Well, I was waiting for an open thread, but this seems fairly close to topic!  Here is an issue which I have been thinking about, and which has been touched on in previous posts:  The US economy has changed fairly drastically since the 1970s. We've made a major shift from manufacturing to service industries, and increased our debt significantly.  What is the relationship, if any, to the peak and decline of oil production in the lower 48?  I know it's a complicated system with many inputs and causes, but can it be attributed to the US peak?  What would be the mechanism?  

One thing I have wondered about is the cost of the US military.  Some of this can be attributed to the cost of procuring foreign oil.  Did the total cost of obtaining oil once the US peaked go high enough to make manufacturing non-viable?  

since the 1970s. We've made a major shift from manufacturing to service industries, ...  What is the relationship, if any, to the peak and decline of oil production in the lower 48?

I don't think the shifting of manufacturing activities to "lower cost" geographical regions has anything to do with domestic Peak Oil.

By offshoring, business people have simply found a way to do away with "excessive costs" associated with giving workers a livable wage with health benfits and a safe working environment.

Oil is a global commodity. We have to fight for it "over there" because there ain't much to fight over "over here".

Before the mid 1960s the US had a positive trade balance. Since that time the increase in oil imports has resulted a negative trade balance and a drop in purchasing power of a majority of American families. We may never return to the prosperity of those days but a renewable energy strategy is the only thing that can eliminate the trade deficit.
i don't think there was ever a time in the past when the average US citizen had a higher standard of living, and the increase is mostly because of globalization. Free trade creates mostly winners, particularly among the poor, but some losers, particularly among those unionized workers exposed to increased competition.
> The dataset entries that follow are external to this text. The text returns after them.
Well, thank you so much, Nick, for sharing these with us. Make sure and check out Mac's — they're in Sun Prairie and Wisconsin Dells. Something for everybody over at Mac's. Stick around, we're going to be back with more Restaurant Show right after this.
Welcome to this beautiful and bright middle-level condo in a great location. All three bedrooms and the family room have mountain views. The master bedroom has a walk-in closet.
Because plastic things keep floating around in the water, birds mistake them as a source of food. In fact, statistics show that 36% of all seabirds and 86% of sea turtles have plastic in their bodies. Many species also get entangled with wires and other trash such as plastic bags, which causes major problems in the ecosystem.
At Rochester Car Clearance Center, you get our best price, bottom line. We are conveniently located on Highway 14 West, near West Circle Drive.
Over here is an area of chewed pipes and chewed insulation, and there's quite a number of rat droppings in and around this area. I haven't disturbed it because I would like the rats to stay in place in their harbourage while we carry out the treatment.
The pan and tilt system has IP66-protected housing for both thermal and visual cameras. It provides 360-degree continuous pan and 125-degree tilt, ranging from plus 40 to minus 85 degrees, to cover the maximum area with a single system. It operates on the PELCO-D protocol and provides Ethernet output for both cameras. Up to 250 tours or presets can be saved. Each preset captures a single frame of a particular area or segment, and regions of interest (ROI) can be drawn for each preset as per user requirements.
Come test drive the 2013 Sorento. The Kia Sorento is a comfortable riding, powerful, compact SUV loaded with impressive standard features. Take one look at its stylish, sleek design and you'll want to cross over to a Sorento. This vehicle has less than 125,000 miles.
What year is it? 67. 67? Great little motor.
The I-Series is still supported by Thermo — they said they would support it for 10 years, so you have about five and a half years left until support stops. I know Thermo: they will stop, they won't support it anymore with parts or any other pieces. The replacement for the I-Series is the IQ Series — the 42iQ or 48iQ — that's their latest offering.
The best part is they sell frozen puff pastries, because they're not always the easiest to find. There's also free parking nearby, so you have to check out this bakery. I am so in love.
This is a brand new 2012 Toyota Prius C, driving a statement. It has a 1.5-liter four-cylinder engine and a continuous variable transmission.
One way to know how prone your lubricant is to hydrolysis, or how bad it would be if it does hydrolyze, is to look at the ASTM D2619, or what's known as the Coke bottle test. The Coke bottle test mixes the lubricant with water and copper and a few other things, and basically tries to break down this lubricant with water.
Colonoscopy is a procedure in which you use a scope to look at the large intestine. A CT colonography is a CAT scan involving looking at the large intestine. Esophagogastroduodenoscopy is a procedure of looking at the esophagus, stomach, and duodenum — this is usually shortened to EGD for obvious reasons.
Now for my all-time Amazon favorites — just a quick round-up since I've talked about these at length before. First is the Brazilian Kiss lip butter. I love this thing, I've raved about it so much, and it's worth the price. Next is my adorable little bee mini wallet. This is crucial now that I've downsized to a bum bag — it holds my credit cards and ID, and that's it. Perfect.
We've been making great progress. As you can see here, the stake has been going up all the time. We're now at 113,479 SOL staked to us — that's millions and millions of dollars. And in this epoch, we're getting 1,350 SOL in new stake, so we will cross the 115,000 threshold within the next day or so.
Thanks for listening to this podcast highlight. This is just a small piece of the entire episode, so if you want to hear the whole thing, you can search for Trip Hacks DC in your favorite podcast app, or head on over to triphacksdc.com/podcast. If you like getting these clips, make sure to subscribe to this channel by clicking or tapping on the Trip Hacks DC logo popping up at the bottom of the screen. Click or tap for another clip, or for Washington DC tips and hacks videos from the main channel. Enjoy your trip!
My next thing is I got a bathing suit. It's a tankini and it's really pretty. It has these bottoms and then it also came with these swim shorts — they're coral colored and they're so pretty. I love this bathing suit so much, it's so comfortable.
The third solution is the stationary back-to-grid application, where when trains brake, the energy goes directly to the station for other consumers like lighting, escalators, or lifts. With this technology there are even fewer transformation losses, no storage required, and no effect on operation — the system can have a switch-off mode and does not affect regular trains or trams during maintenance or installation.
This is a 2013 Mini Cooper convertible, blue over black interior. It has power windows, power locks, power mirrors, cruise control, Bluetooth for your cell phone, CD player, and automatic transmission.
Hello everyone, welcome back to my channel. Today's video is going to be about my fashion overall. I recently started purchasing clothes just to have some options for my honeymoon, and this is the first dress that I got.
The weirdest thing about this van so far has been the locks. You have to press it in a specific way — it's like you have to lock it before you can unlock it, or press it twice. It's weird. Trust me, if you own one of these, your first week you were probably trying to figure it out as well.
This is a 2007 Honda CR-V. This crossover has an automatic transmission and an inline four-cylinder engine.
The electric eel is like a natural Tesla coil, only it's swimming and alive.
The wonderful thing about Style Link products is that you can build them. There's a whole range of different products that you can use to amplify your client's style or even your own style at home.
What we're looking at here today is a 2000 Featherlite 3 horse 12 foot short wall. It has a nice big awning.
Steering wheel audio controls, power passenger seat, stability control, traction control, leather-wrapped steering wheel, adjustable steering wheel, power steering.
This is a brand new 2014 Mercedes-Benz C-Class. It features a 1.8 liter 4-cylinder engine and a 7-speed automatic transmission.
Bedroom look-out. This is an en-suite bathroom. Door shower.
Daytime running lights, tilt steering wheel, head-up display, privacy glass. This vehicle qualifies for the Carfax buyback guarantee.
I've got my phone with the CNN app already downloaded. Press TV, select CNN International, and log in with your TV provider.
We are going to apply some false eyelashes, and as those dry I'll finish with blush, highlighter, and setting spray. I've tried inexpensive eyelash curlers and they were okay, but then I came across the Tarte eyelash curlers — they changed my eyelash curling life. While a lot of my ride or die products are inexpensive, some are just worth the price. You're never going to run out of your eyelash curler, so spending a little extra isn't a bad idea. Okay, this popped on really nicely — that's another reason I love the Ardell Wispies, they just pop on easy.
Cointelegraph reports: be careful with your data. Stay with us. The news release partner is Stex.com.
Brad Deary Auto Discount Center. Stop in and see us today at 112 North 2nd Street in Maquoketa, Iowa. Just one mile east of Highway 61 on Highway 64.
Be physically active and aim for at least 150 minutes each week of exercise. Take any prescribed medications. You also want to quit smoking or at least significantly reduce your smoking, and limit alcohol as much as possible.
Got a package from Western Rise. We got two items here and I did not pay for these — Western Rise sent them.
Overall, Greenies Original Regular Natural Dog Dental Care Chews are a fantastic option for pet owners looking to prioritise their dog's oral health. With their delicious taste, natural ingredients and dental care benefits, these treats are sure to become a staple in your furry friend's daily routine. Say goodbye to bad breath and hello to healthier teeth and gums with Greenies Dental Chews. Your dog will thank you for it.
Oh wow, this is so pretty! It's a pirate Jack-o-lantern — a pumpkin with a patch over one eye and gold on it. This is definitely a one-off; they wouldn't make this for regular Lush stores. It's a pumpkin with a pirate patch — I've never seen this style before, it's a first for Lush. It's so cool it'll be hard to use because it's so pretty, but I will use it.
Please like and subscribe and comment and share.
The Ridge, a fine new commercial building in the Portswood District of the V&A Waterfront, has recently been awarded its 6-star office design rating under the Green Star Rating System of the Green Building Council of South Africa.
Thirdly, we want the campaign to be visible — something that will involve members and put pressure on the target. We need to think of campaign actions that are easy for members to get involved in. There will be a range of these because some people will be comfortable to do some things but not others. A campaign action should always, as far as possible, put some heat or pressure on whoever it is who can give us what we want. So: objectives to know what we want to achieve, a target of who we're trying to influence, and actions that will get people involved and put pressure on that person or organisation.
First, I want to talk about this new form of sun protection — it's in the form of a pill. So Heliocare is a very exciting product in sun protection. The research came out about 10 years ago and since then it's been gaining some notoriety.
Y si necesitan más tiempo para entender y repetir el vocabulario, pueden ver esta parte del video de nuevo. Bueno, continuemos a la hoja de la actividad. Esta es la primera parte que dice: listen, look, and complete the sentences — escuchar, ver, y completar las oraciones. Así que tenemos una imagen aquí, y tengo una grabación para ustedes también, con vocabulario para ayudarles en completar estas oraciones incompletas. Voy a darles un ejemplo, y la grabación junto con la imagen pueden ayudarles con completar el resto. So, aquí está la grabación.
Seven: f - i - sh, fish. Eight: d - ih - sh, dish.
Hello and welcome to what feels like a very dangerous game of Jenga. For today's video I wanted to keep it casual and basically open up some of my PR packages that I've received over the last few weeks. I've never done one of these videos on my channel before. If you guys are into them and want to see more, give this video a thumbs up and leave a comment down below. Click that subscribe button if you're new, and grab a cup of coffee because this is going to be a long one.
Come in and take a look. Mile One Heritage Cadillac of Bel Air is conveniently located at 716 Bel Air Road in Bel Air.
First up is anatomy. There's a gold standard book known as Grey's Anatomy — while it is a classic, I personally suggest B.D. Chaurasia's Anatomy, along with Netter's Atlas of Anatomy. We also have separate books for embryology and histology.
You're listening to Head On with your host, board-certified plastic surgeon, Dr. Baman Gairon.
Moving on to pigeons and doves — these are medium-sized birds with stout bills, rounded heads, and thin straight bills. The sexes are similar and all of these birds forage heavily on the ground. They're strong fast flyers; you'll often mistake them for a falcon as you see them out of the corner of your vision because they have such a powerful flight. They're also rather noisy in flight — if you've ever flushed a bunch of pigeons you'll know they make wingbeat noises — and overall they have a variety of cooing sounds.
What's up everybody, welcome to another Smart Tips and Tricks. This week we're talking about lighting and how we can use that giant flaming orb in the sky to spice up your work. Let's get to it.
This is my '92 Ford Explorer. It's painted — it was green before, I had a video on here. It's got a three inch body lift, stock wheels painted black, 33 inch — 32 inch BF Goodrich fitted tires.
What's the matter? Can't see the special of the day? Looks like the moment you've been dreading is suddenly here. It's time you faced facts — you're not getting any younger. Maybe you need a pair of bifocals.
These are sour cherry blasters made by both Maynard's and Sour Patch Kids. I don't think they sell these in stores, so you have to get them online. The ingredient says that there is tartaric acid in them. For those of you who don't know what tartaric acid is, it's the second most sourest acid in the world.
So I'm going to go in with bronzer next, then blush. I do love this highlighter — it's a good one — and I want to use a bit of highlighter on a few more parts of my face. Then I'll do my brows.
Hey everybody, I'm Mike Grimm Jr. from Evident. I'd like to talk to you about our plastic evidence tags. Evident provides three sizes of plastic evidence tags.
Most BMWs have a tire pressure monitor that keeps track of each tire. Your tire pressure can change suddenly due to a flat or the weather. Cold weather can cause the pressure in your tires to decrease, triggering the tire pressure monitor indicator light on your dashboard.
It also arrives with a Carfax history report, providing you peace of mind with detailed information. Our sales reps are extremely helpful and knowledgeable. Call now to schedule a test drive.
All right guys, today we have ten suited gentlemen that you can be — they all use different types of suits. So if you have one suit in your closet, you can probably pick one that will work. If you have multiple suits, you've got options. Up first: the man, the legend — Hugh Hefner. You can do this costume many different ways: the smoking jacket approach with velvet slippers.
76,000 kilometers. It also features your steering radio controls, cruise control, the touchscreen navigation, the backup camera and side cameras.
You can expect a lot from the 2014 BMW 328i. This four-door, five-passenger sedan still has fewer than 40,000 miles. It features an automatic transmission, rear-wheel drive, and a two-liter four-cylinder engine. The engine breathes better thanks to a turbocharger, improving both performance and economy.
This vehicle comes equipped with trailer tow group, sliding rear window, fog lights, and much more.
The competition is not necessarily truly foreign - gm, ford and the older airlines are in trouble because of local competition, eg honda, toyota and nissan factories producing cars here (which substantially exceed the imports) and the upstart airlines.  The benefits to US consumers are not just lower prices but better quality - ford and gm are losing market share not just because they now have the wrong products, but also because the competition is making better products.
Yesterday, Wal-Mart got socked with a huge lawsuit bill for screwing their own American workers, which says nothing about how they create worldwide misery for slave camp laborers in China.

CSPAN was running an expose on Wal-Mart today.

It always amazes me how those who are seduced by the addictive siren call of the Adam Smith religion do not realize we are all spiralling down towards doom, not up towards a world of inifinite "growth".

These are not "the best of times".

>>"It always amazes me how those who are seduced by the addictive siren call of the Adam Smith religion do not realize we are all spiralling down towards doom, not up towards a world of inifinite "growth".<<

That's why it's called "the race to the bottom".

Look at real wages for Americans since about 1970 adjusted for inflation. Americans are actually earning less now than they were back then.

Look at concentration of capital. More and more of the country's wealth is being concentrated in the hands of fewer and fewer. (Buffett and Gates are to be commended for telling Bush not to repeal the inheritance tax. But did he listen?!)

Capitalism is our "scared cow". It's not just India that has them. I think we really need to reexamine capitalism. Not get rid of it, but maybe ask, "Who's it working for and how many?"

I think the whole game has become badly skewed in favor of big business to the detriment of everyone else.

Am I a commie? Nope, far from it. I'm actually a businessman. But my role models are men like Yvon Chouinard of Patagonia and not Kenny Boy Lay of Enron. Problem is that we have too many parasitical amoral Kennys and not enough productive and honorable Yvons.

Great typo I made above.

That was supposed to be "sacred" cow.